We continue working to get our message about clean and renewable energy out there. Our HyTEC hydrogen energy curriculum has been tested in local high schools and has been a rousing success. Our energy capacity building program with the Yurok Tribe is now in full swing and we are again working with Redwood National Park in the University- National Park Energy Partnership Program. Two HSU undergraduate engineering students will install a solar electric system this summer, which replaces an inefficient, noisy, and polluting diesel generator at a ranger residence. And our technology work continues as well, as Arne Jacobson describes in his article about photovoltaic testing.
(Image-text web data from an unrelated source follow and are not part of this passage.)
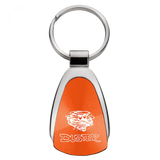Duster Teardrop Key Chain Fob - Official Licensed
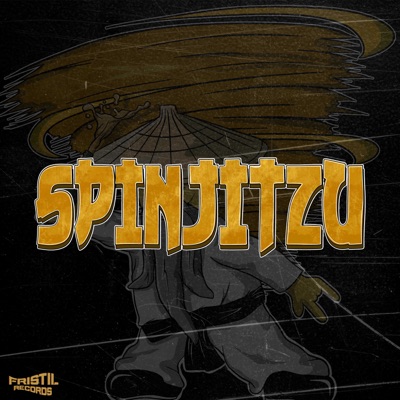 Holmebeach (Spinjitzu 2025) - Single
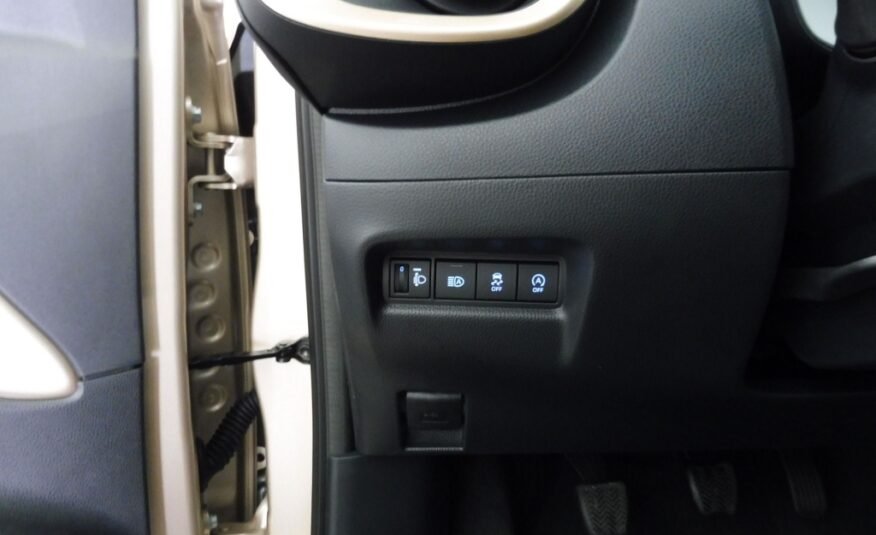TOYOTA AYGO X 1.0 VVT-I 72CH TEAM PLAYER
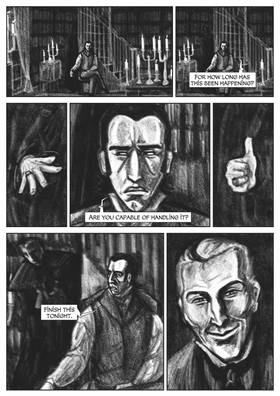 Read Historiae Obscura  22 Page 6 in English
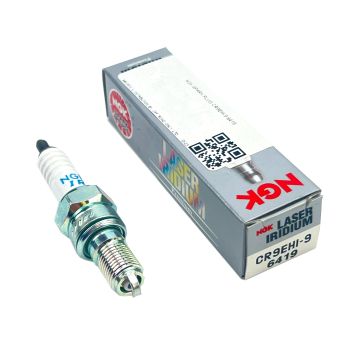 NGK SPARK PLUG CR9EHI-9 6419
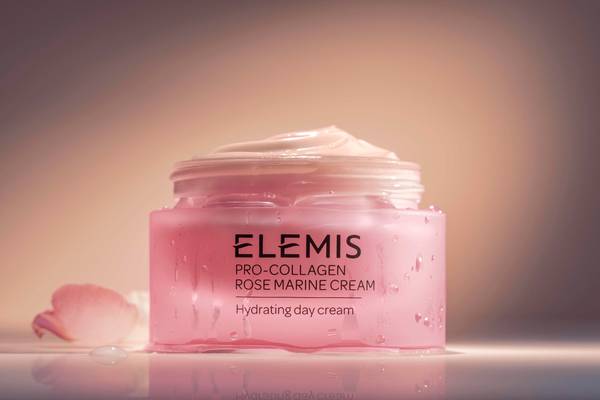 ELEMIS 海洋膠原 精油卸妝膏 玫瑰緊緻精華乳霜 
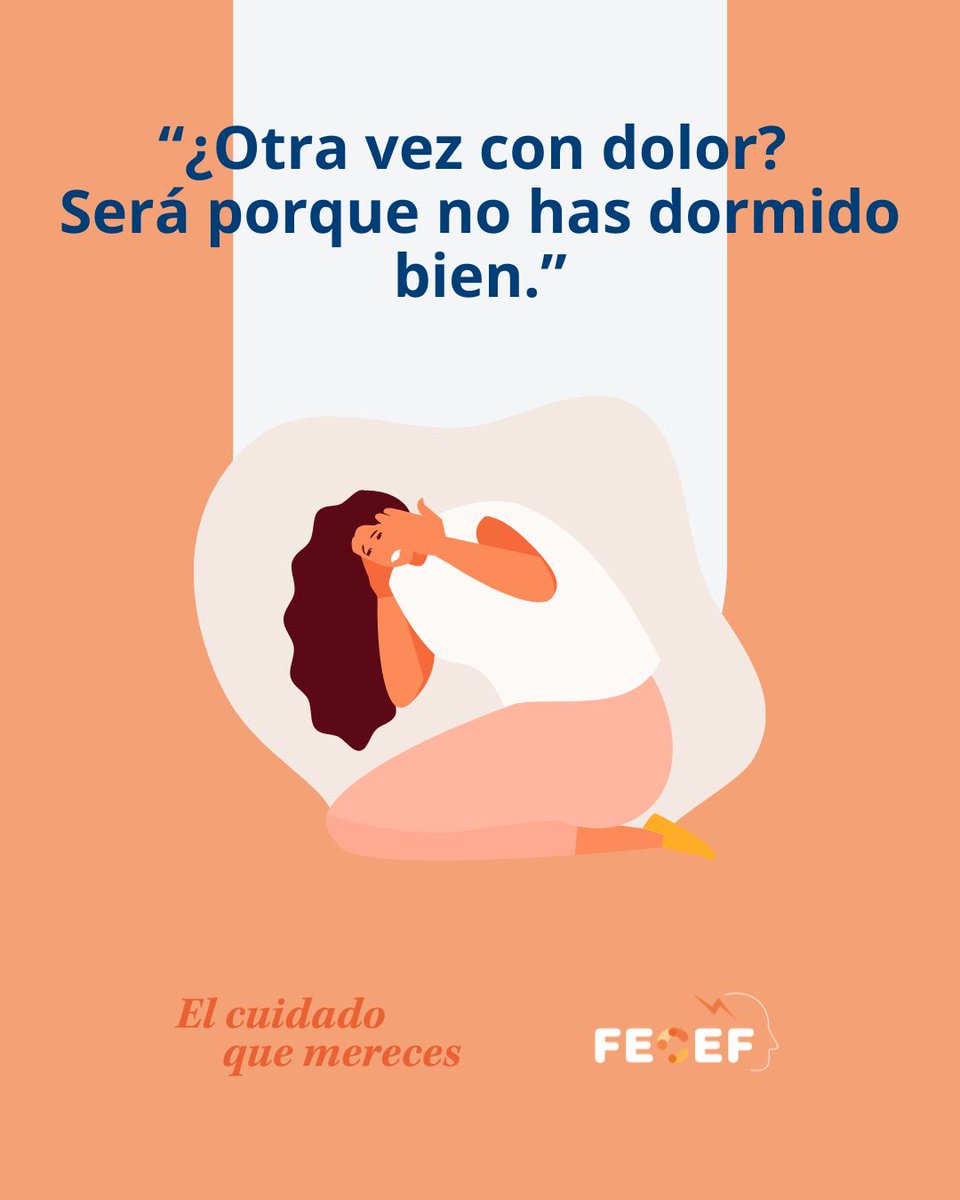 Fundación Cefaleas tweet media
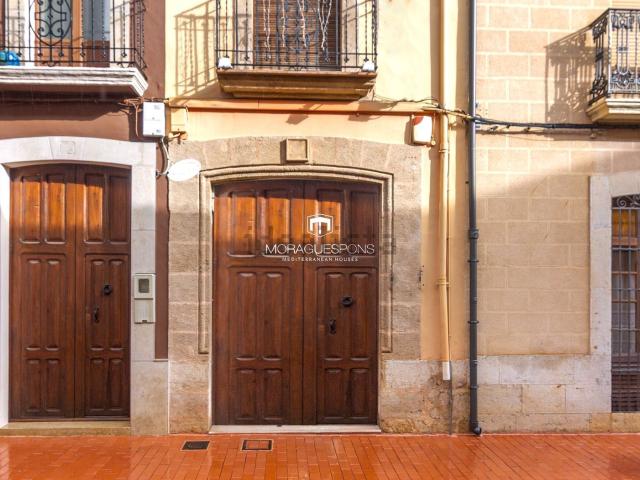 Casa en venta en Gata De Gorgos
With energy prices stubbornly high and our president finally saying out loud that “We’re addicted to oil,” it’s a great time to be working in energy. I hope you enjoy reading about our efforts.

About Peter Lehman

Director of SERC and a professor of Environmental Resources Engineering at Humboldt State University in Arcata, CA. Dr. Lehman received a B.S. in chemistry from the Massachusetts Institute of Technology and a Ph.D. in physical chemistry from the University of Chicago. He then served as a postdoctoral fellow at the University of California, Berkeley where he conducted research on the aerochemistry of photochemical air pollution. Before coming to HSU, he has been a member of the faculties of Sacramento State University; California State University, Northridge; and Deep Springs College. While at HSU, Dr. Lehman has served as chair of the Environmental Resources Engineering Department, co-chair of the International Development Technology masters program, and faculty advisor to the Campus Center for Appropriate Technology. His research interests include renewable energy systems, especially solar thermal and photovoltaic technologies. Dr. Lehman's work at the Schatz Center includes the development of solar hydrogen generation systems, development and production of fuel cell personal utility and neighborhood electric vehicles, and research and production of proton exchange membrane fuel cells. Most recently, the Center is involved in integrating electrolyzers into complete hydrogen generation and dispensing facilities, and developing and producing fuel cell systems for telecommunications, portable power and uninterruptible power supply applications.